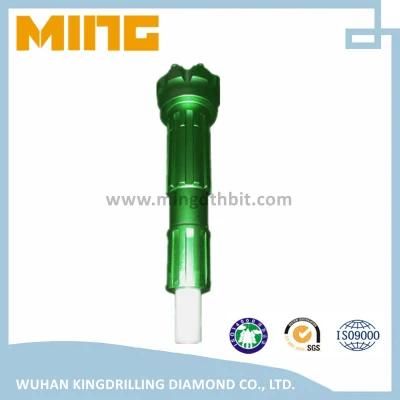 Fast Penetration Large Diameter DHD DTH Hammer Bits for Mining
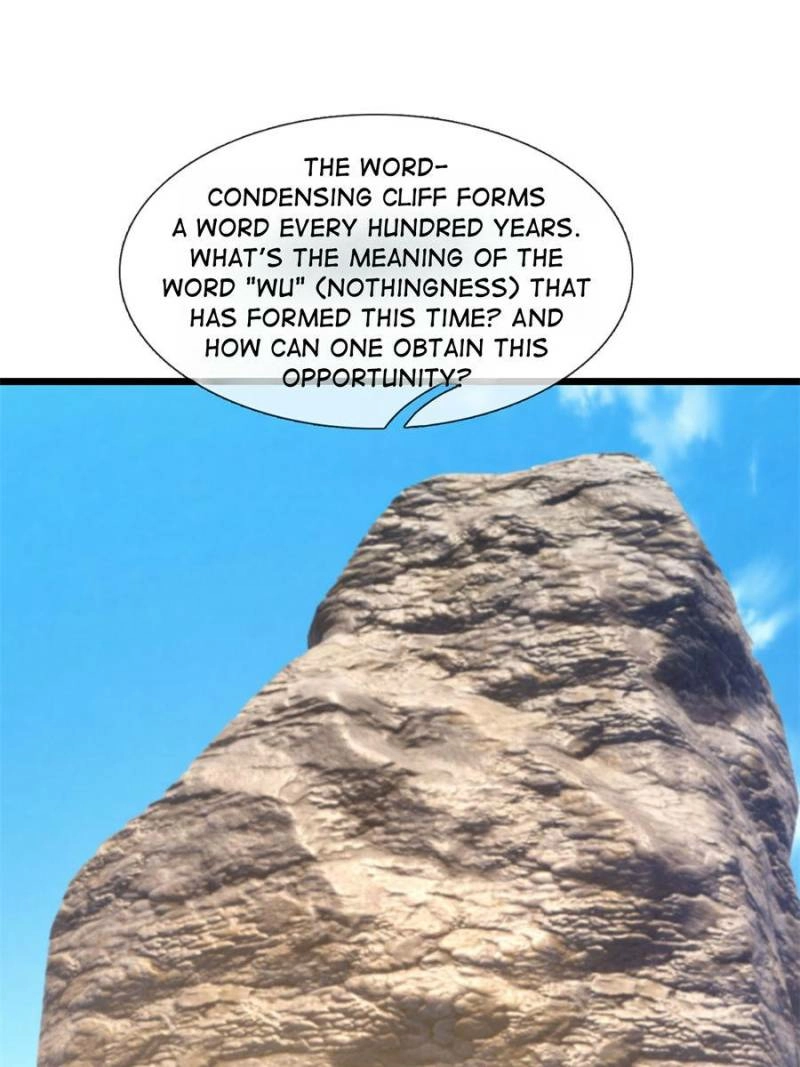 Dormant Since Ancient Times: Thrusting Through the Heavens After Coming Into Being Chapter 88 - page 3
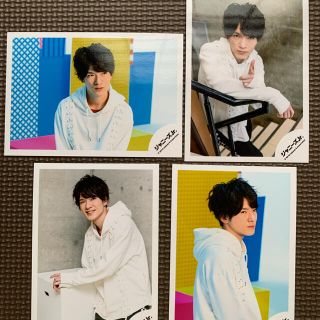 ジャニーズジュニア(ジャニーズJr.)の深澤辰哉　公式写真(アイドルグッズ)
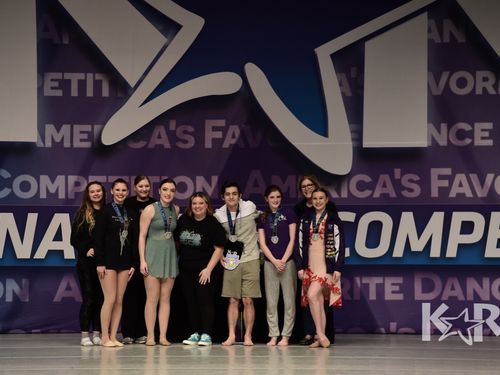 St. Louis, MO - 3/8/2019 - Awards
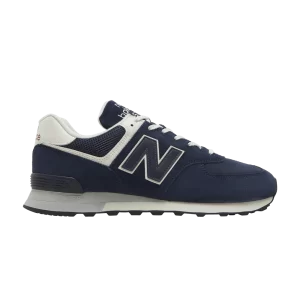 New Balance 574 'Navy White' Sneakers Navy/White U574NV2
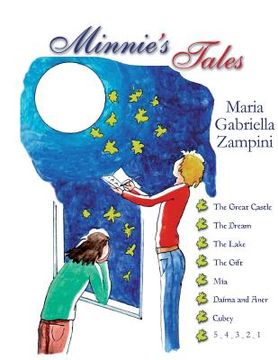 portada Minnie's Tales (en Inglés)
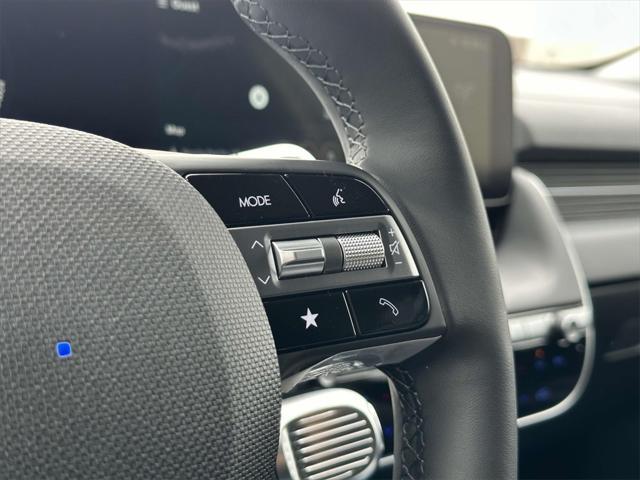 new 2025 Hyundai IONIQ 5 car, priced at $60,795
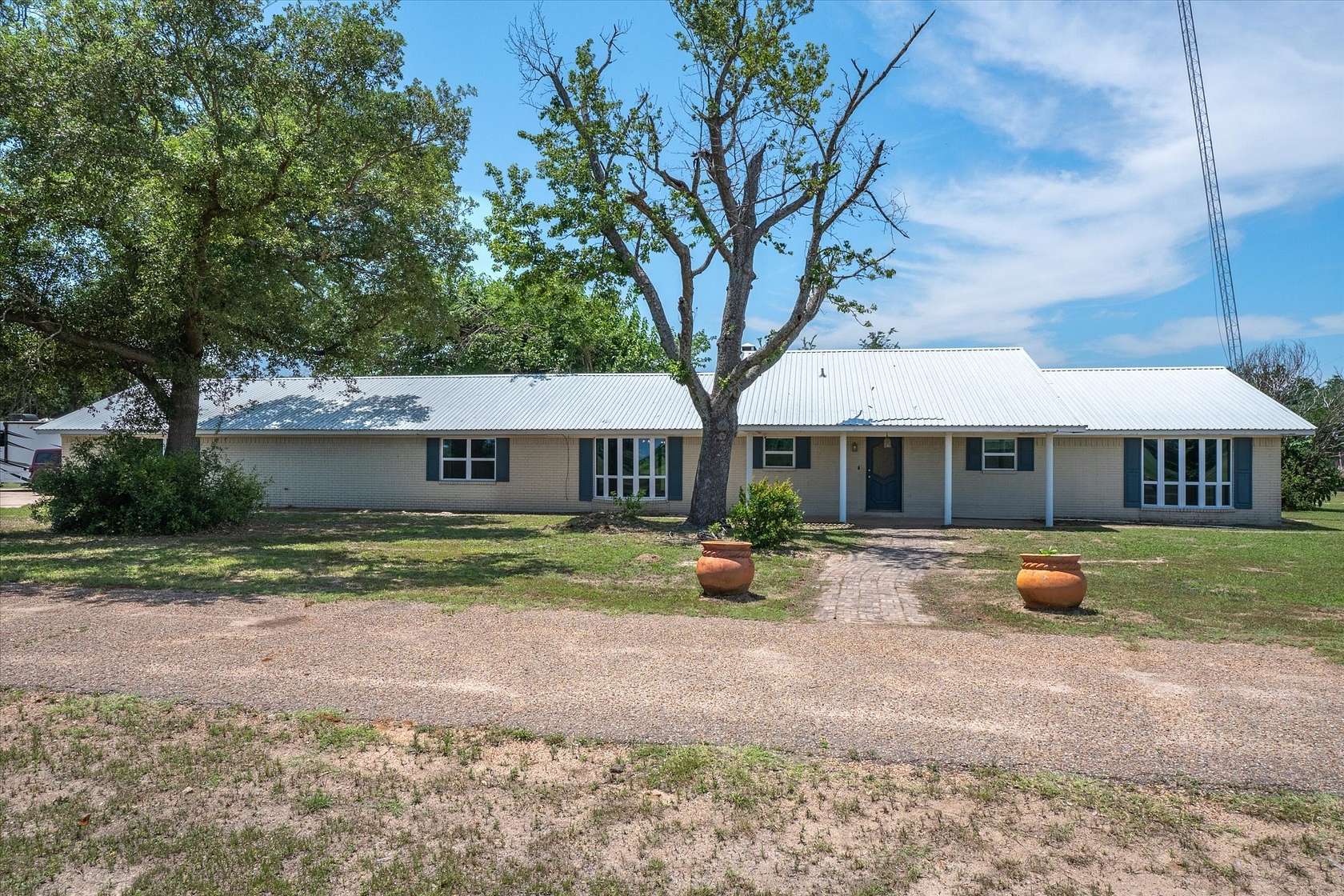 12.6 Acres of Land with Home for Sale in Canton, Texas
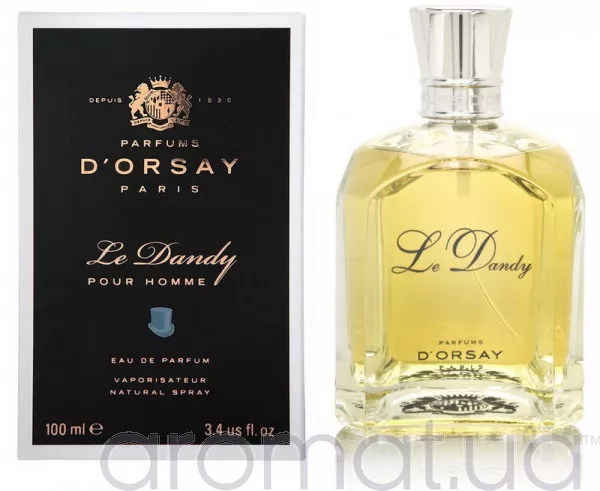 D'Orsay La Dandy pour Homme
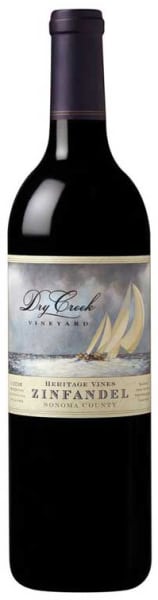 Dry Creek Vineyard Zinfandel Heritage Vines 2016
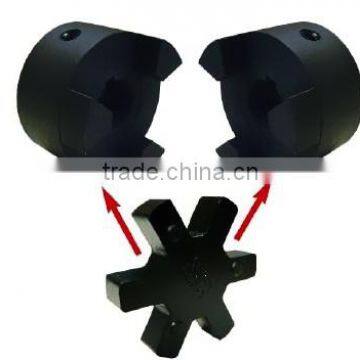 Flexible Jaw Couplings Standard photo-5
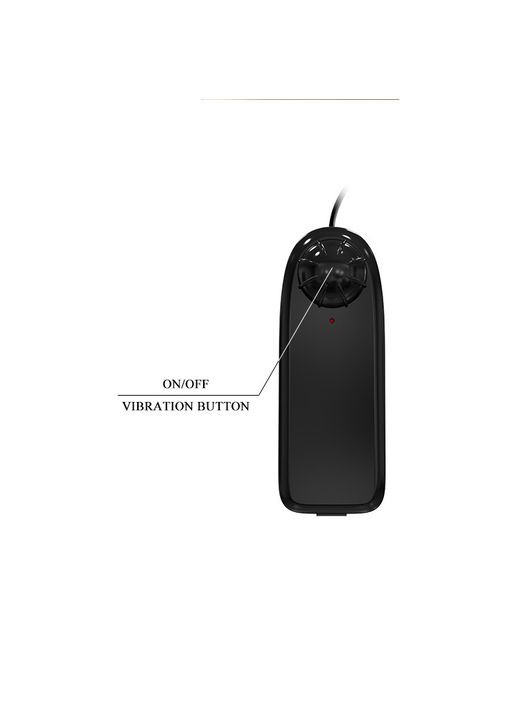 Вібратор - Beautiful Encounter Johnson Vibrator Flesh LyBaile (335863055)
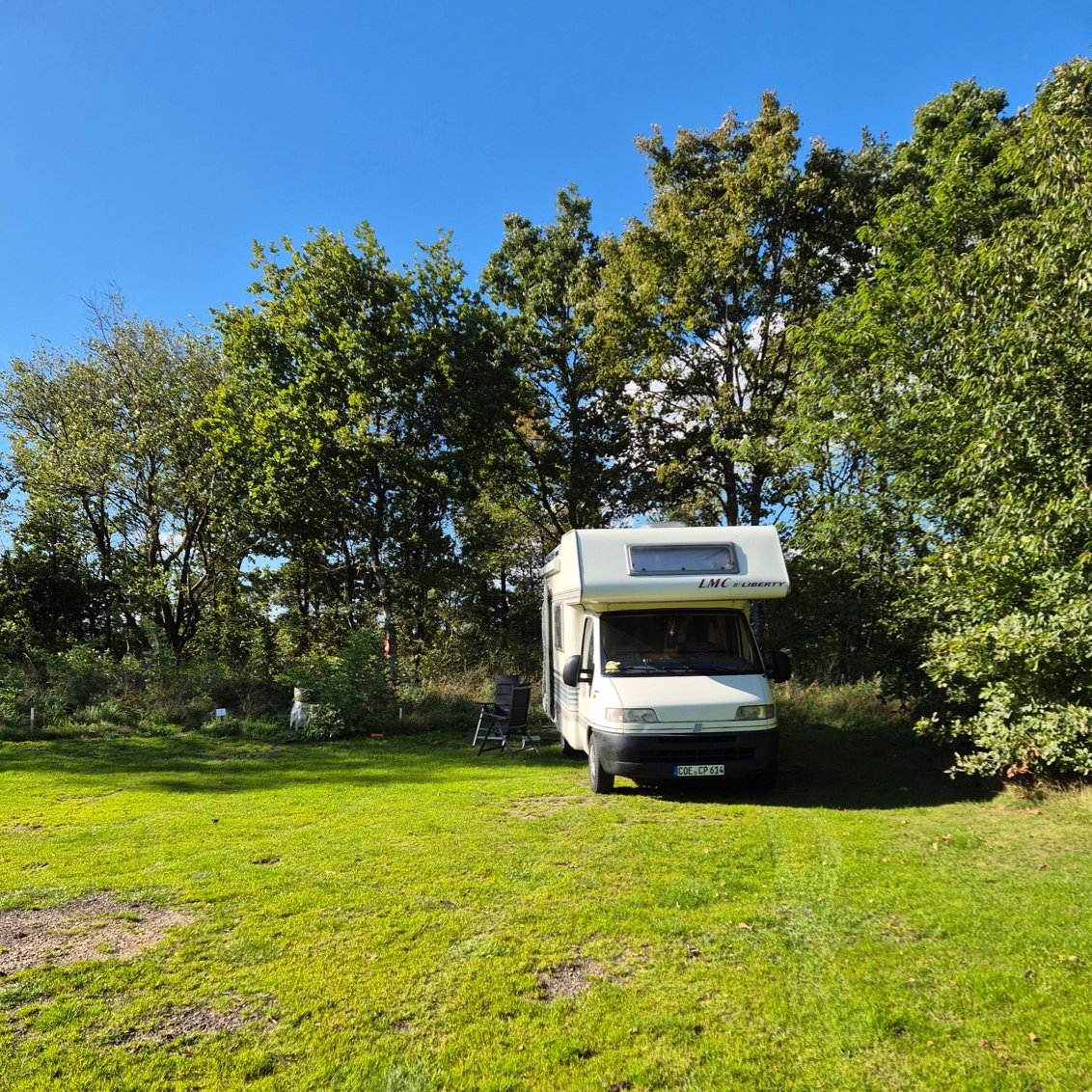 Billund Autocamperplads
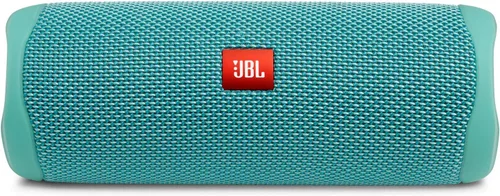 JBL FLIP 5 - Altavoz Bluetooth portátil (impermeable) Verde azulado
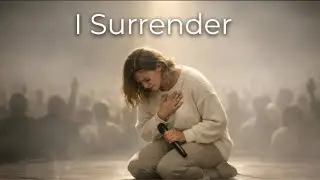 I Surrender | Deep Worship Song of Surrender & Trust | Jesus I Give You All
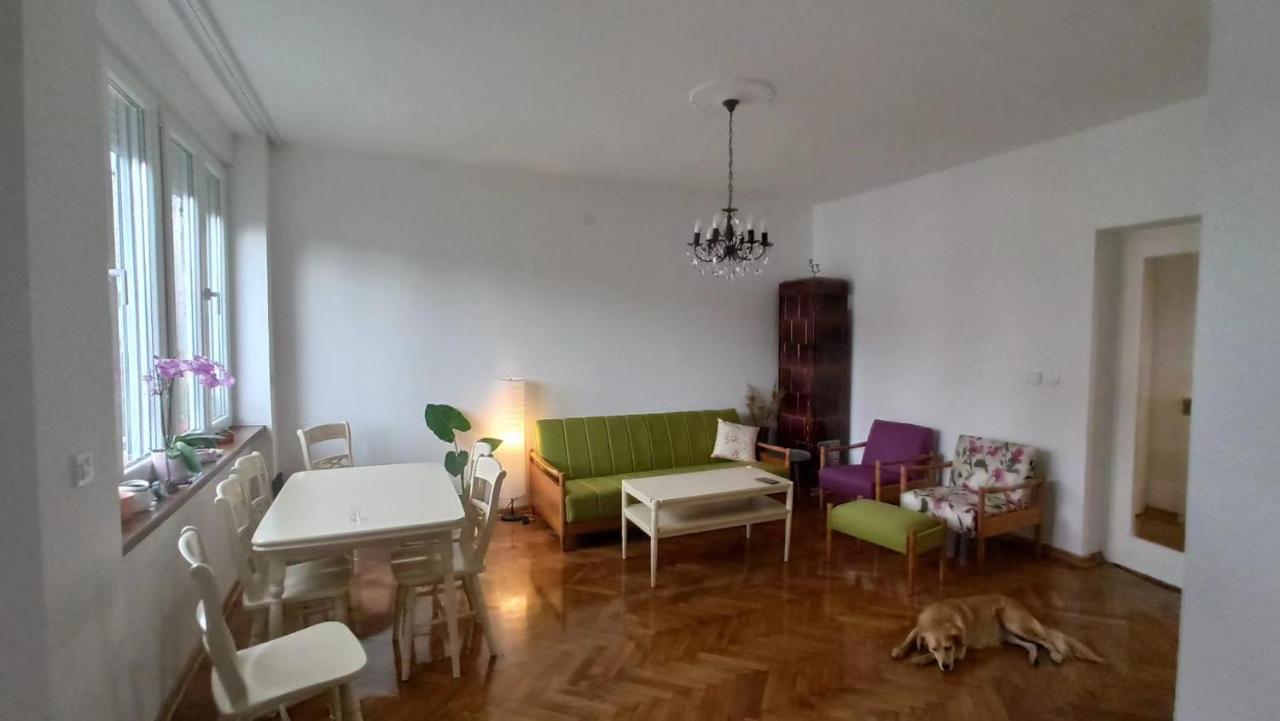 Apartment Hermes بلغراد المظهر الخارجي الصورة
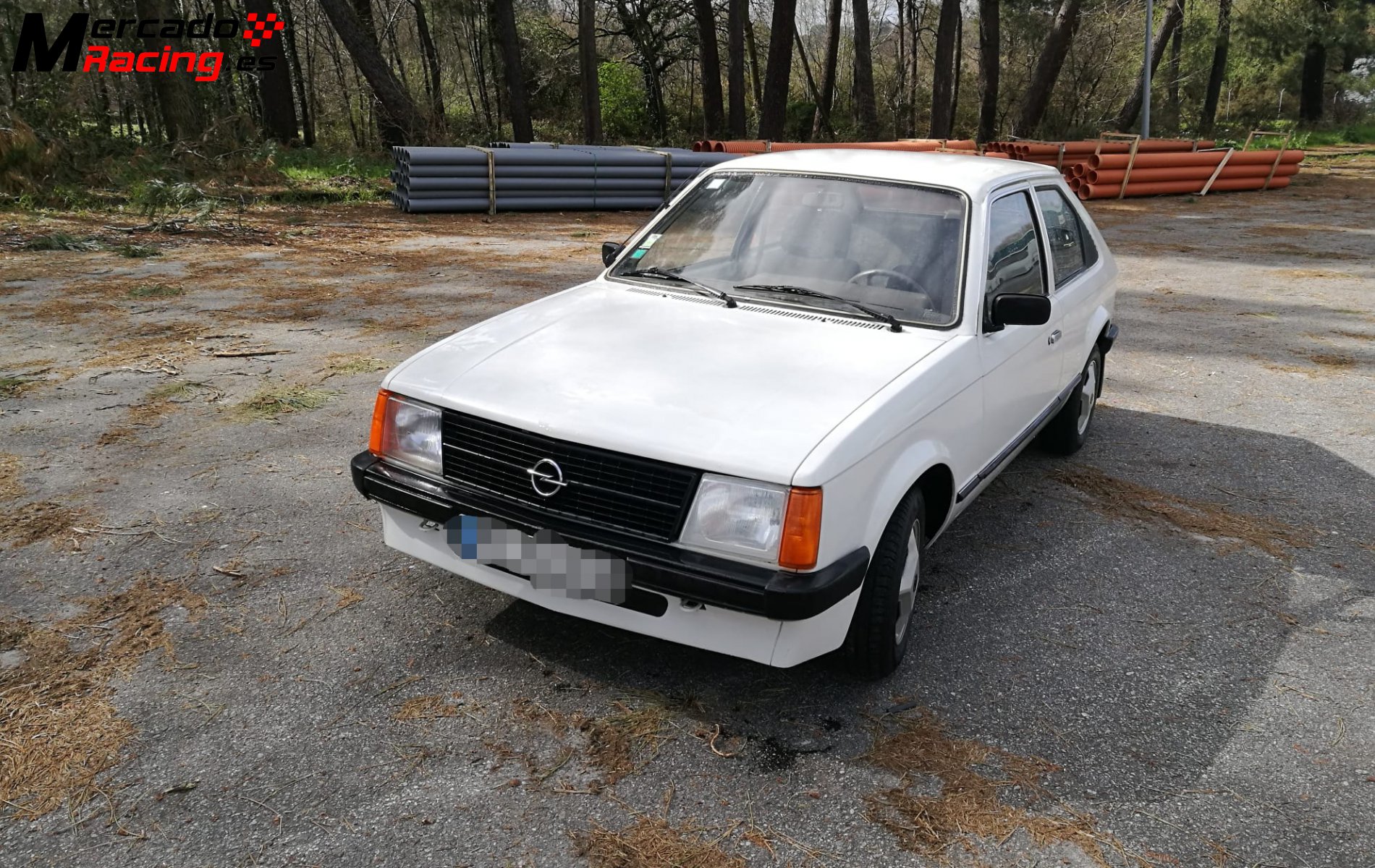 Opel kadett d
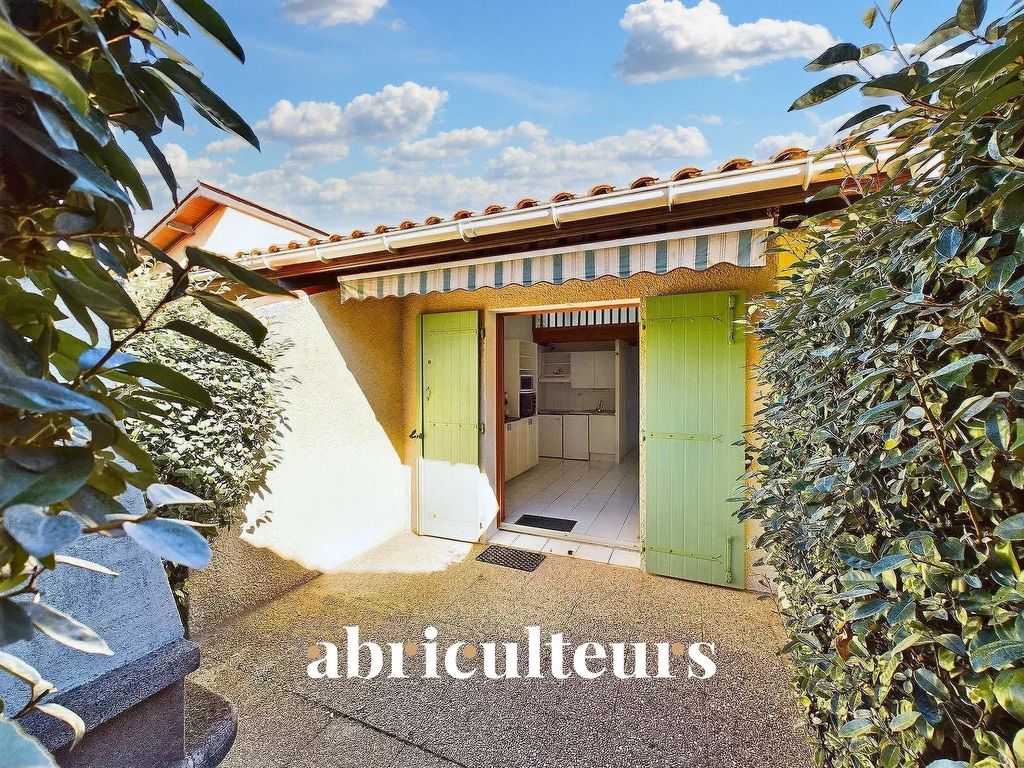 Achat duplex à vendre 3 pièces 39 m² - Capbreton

———

> **EXERCISE PROMPT**: Give every entry again verbatim, with no pictures.

> **SOLUTION TO THE PROBLEM**:
 Fast Penetration Large Diameter DHD DTH Hammer Bits for Mining
 Dormant Since Ancient Times: Thrusting Through the Heavens After Coming Into Being Chapter 88 - page 3
 ジャニーズジュニア(ジャニーズJr.)の深澤辰哉　公式写真(アイドルグッズ)
 St. Louis, MO - 3/8/2019 - Awards
 New Balance 574 'Navy White' Sneakers Navy/White U574NV2
 portada Minnie's Tales (en Inglés)
 new 2025 Hyundai IONIQ 5 car, priced at $60,795
 12.6 Acres of Land with Home for Sale in Canton, Texas
 D'Orsay La Dandy pour Homme
 Dry Creek Vineyard Zinfandel Heritage Vines 2016
 Flexible Jaw Couplings Standard photo-5
 Вібратор - Beautiful Encounter Johnson Vibrator Flesh LyBaile (335863055)
 Billund Autocamperplads
 JBL FLIP 5 - Altavoz Bluetooth portátil (impermeable) Verde azulado
 I Surrender | Deep Worship Song of Surrender & Trust | Jesus I Give You All
 Apartment Hermes بلغراد المظهر الخارجي الصورة
 Opel kadett d
 Achat duplex à vendre 3 pièces 39 m² - Capbreton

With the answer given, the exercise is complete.